Yours doesn't have to take so long to answer them, but the questions and answers should be relevant to the entire story.

Whether you start at the beginning or in-media-rez or not doesn't matter a whole lot, and is your decision though. Some prefer taking their time to get to speed, others want to jump right in. But there's a cheat to that: prologues.

The point of a prologue is to do a few things. First, provide the question in the place of the first chapter. Second, set the tone. Third, give information to the reader that the first chapter isn't able to, but is extremely important.

The first point is self evident.

The second is basically a promise. That promise is how the story is supposed to feel. Oftentimes the first chapter has a very different feel from the rest of the story because it's used to set things up. Maybe it even takes several chapters to establish the tone. But readers often don't have the patience for that, so they decide that the first chapter is how the entire series is going to feel.

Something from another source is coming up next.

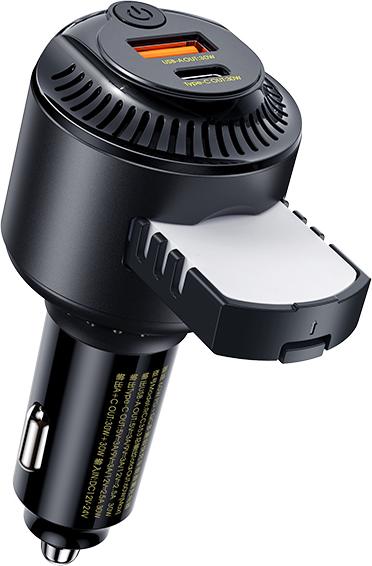 Produktbild Remax Yatoy Series 60W PD+QC Scented Multi-compatible Fast Car Charger RCC353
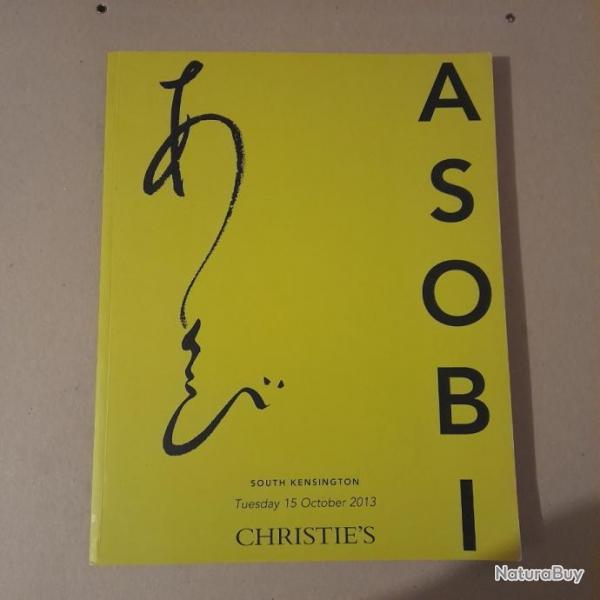 Asobi : Ingenious creativity, japanese works of art from Antiquity to Contemporary. Auction, 2013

The prologue exists to tell those people "hey, this is how the story is going to be like, but we won't be there for a little while, so buckle up!"

I've read plenty of stories that spent 10+ chapters doing one thing before going on to how the actual story ends up being, and a prologue would've make me realize how the story was actually going to be like much faster. I wouldn't doubt that many readers saw the tags, started reading, then quit before those 10 chapters were up disappointed that the tags lied to them.

The third point is a bit more difficult, but basically you can use the prologue in ways that you normally couldn't write elsewhere, especially so early on. Things like the differing perspectives, or events far apart from the first chapter in time and/or space. It's very easy to tease things in the prologue that can't be dealt with in the main story for a long time. Either an event far in the future of the story, or far in the past that the MC won't discover for a while. It can be whatever you want, and readers explicitly understand that the prologue and first chapter won't flow fluidly between each other.

Anyways, that's how I feel about it. Prologues are amazing tools and extremely important, but not essential.
 

Hama

New member
Joined
Mar 16, 2019
Messages
10
Points
3
Well, as far as I know, prologue must be like an extended and more detailed summary, in which you give a general view or idea about what the reader should expect from the novel, the first chapter however is the introduction or how you start shaping your story after you gave a general idea, and although not all novels follow that same principle as some merge both the prologue and the first chapter into the same thing but that isn't always a good thing
 
Joined
Jan 15, 2019
Messages
144
Points
43
just go with the most interesting first line you can think of, then you can figure out the rest.